我摘下一朵,闻闻,在鼻前用力吸几下,没有香气。又索性掰开花苞,拽离一瓣,放入口中。嚼一下,无味;慢慢嚼,微苦;品咂下,有清气。我不知道能咽不,会不会有害。犹豫了一会儿,心一横,随它有害还是有益,我且入肚,等它自己发作去。

梅花在我肚里了。这一朵梅花是说啥也跑不掉了。

南方有梅花糕、梅花酒、梅花茶吗?可有直接以它为食的人?真如屈原饮露餐英吗?这梅花未及开放就落入我口,我真是戕杀和毁灭的好手。因一己之私对梅花痛下杀手,我比这零下的严寒残酷多了。

可它为什么不开呢?难道是天还不冷?敢情它不是自开,而是冻开?谁知道它开放的确切温度?要不我们从远方运来冰冷的泉水,劈头盖脸浇上去,来满足它对寒冷的渴盼?

反正,我一肚子怨言。今夜,我独立树下,对着那花苞和绿叶,对着树上边昏暗少星的天空,对它愈不满了。预报说明天有小雨,后天有雨夹雪,难道它要和雪一道到来,要我们落入踏雪寻梅的俗套吗?可看那枝头的花苞清瘦的面孔,实在不敢想象那一树花开的胜景。

不知道它何时开放,甚至对开放不抱希望。对着它,五分钟,十分钟,半个小时,有猫从树丛倏地窜出,顶开一扇木门,有风拥挤着进来,吹到腿上,提醒我是冬天的深夜了。

回去,还是那么困惑。
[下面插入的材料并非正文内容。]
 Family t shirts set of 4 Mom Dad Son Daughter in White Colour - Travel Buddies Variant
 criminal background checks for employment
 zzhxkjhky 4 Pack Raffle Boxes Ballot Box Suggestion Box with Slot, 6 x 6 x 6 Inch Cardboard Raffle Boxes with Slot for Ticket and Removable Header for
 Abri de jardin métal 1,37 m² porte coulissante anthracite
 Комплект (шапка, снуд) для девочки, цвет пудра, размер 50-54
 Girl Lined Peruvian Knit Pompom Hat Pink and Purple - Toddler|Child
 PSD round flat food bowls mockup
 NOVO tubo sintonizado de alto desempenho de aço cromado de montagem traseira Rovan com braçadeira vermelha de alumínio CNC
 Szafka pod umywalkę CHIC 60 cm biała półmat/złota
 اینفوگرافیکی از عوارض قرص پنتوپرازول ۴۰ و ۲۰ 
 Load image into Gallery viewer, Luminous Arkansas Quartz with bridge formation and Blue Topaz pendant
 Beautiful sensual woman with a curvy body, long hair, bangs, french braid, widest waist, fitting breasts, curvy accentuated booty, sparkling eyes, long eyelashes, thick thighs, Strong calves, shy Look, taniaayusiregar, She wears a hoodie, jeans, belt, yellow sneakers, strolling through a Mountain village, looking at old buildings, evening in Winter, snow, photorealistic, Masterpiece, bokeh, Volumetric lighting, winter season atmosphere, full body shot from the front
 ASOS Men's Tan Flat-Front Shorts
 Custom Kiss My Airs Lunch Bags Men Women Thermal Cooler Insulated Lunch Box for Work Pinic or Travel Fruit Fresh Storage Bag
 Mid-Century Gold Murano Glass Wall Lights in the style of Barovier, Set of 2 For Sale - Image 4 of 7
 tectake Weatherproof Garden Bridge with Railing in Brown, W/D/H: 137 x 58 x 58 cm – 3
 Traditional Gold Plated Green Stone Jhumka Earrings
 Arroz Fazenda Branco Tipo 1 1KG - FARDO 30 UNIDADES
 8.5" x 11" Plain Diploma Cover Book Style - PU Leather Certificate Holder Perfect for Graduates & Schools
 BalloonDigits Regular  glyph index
它是故意不开,检验我的耐性,还是这土地的原因,今冬只能有苞无花,再等也是枉然?或者这是株奇特之梅,只有当气温降到很低很低,积雪堆得很厚很厚,整个的氛围和环境都和冰雪山峰相近的时候,它才会懒洋洋地吐放几朵,为了那最在乎它的人?原本它是一株高原之梅,冰雪风骨,孤独精神,被人误带到中原,地气宜于牡丹却悖与寒梅,它的开放走的是一条苦痛而凄冷的长旅?

想到这一层,我为刚才的草率和埋怨而羞愧了。回去,等它,一直等,开与不开都等,不给它任何的压力和强求了。